Please reproduce the entries exactly as they appear below, but not the pictures.

RECORDS SHOWN >>

|---|

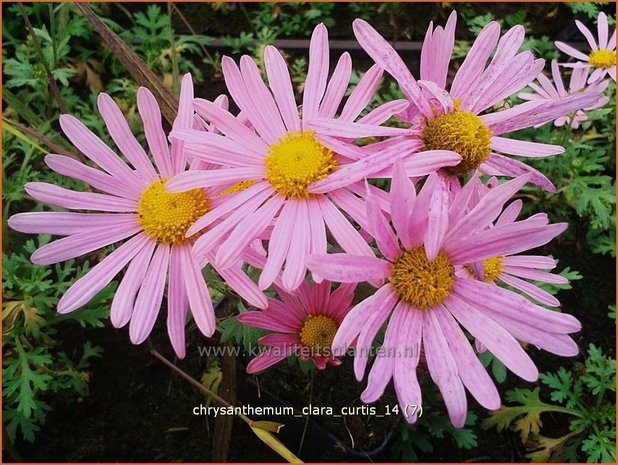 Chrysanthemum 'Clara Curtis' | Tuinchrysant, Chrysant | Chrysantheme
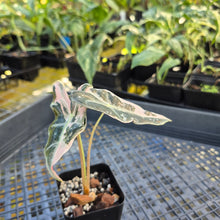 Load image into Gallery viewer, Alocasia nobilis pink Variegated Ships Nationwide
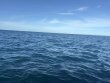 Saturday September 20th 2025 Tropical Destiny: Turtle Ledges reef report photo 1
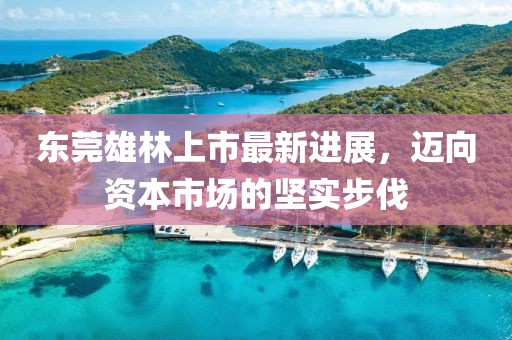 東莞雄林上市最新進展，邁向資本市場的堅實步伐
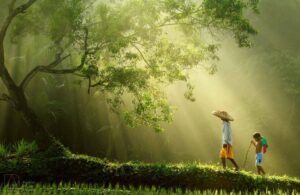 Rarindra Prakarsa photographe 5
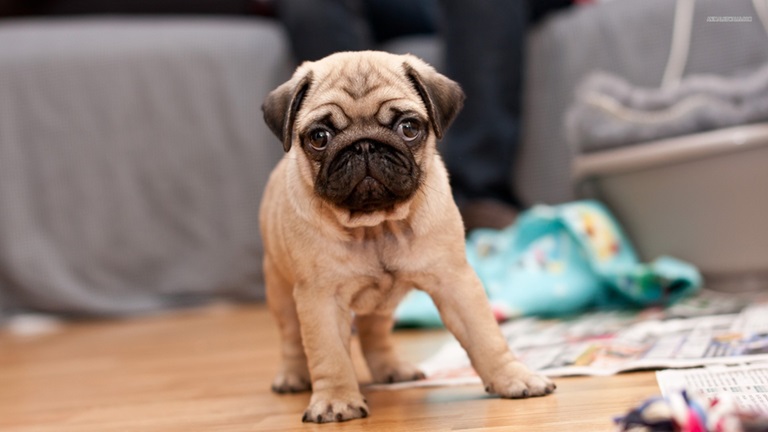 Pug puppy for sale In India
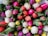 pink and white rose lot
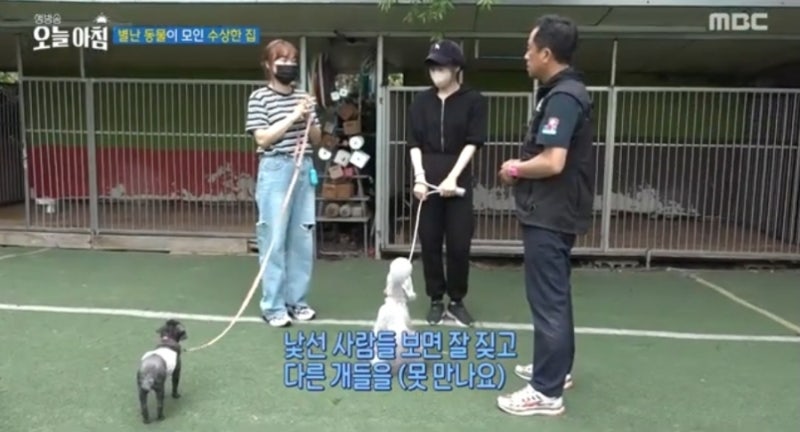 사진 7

|---|

RESPONSE BOX >>
 Chrysanthemum 'Clara Curtis' | Tuinchrysant, Chrysant | Chrysantheme
 Load image into Gallery viewer, Alocasia nobilis pink Variegated Ships Nationwide
 Saturday September 20th 2025 Tropical Destiny: Turtle Ledges reef report photo 1
 東莞雄林上市最新進展，邁向資本市場的堅實步伐
 Rarindra Prakarsa photographe 5
 Pug puppy for sale In India
 pink and white rose lot
 사진 7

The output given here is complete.